Bila anak dan remaja semakin sering terpapar konten radikal, mereka akan rentan mengalami radikalisasi di dunia siber. Oleh karena itu, orang tua harus menyadari betapa penting menguatkan literasi digital keluarga. Literasi digital keluarga diperlukan sebagai proteksi bagi anak agar tidak terpapar konten ‘bermasalah’ dalam internet. Anak dan remaja perlu dilindungi dari bahaya internet. Jangan sampai, hanya karena mengakses internet tanpa dampingan orang tua, anak dan remaja terjebak paham radikal.
Setelah anak dan remaja merasakan bahwa orang tua adalah sahabat anak, maka ini adalah awalan dari literasi digital keluarga.

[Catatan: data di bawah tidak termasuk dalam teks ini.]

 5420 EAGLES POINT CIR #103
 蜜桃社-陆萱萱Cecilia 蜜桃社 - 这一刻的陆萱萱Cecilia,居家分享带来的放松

Orang tua perlu membuat sejumlah kesepakatan dengan anak terkait waktu penggunaan internet dan konten yang diakses. Orang tua perlu terlibat intens dalam dialog dengan anak terkait pengetahuan baru yang didapat anak dari kegiatan berinternet. Dengan begitu, orang tua akan mampu mencegah paham radikalisme menyusup melalui piranti digital yang diakses anak.